= Wilberforce Echezona =

Nigerian musicologist (1926–1987)

Wilberforce William Chukudinka Echezona (18 August 1926 – November 1987) was a Nigerian musicologist and a pioneer teacher of music in Nigerian universities. He was the first Igbo man to be educated at London's Trinity College of Music, and the first African to obtain a degree in music education in the United States, where he received a PhD from Michigan State University in 1963.

Echezona taught at secondary school level in Nigeria and later at the department of Music at the University of Nigeria. His work included the development and promotion of choral music in Nigeria, including by setting the works of young Nigerian lyricists to music.

==Life and career==
Echezona was born on 18 August 1926 to the family of Reverend Samuel and Josephine Echezona, his father was from Nkwelle Ogidi in Idemili North Local Government Area. In 1937, he began his secondary school studies at Dennis Memorial Grammar School, Onitsha where he was an organist. Then in 1941, he was briefly an assistant teacher at St Peter's School, Enugu before attending a teachers' training college in Awka, Anambra State. Echezona later worked for a year as a music and mathematics teacher at CMS Grammar School, Lagos.

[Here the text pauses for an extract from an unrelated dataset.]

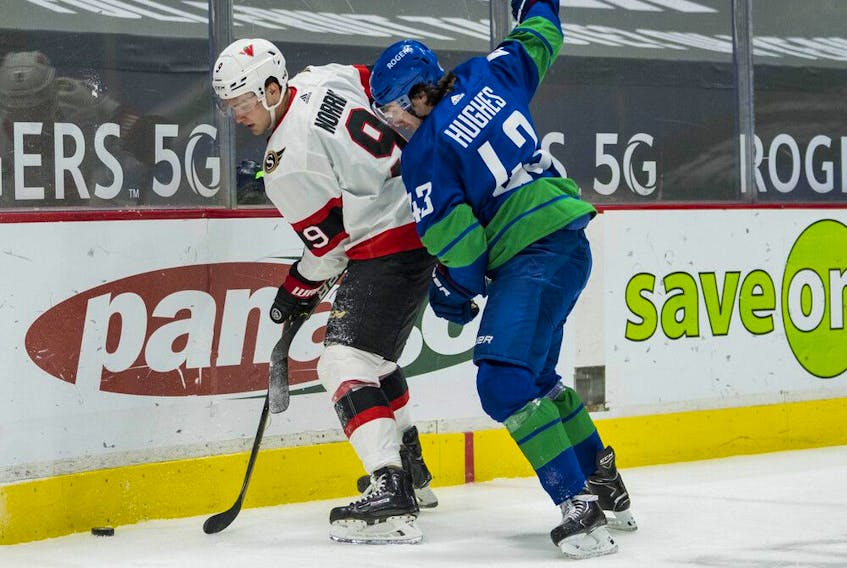 Senators centre Josh Norris (9) protects the puck during a battle along the boards with Canucks defenceman Quinn Hughes in the second period of Thursday's game at Rogers Arena in Vancouver.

Echezona earned a licentiate from Trinity College of Music, London in 1948. On his return to Nigeria, he was the director of music of the Niger Diocese of the Anglica Communion from 1950 to 1960. He joined the faculty of University of Nigeria, Nsukka in 1960 as a pioneer music instructor.

Echezona was a member of the committee who selected the Nigerian National Anthem in 1960. In 1967, he manufactured an Ogenephone; an Igbo melodic instrument.

In some of his published works, he wrote on the classification of famous Yoruba and Igbo musical instruments such as the ọjà, agogo and xylophones.

Echezona died in November 1987, at the age of 61.

==Works==
- Ibo musical instruments in Ibo culture. Thesis (Ph.D.)--Michigan State University, 1963.
- Echezona, W. Wilberforce C. Nigerian musical instruments: a definitive catalogue / W. Wilberforce C. Echezona. Apollo Publishers, c1981.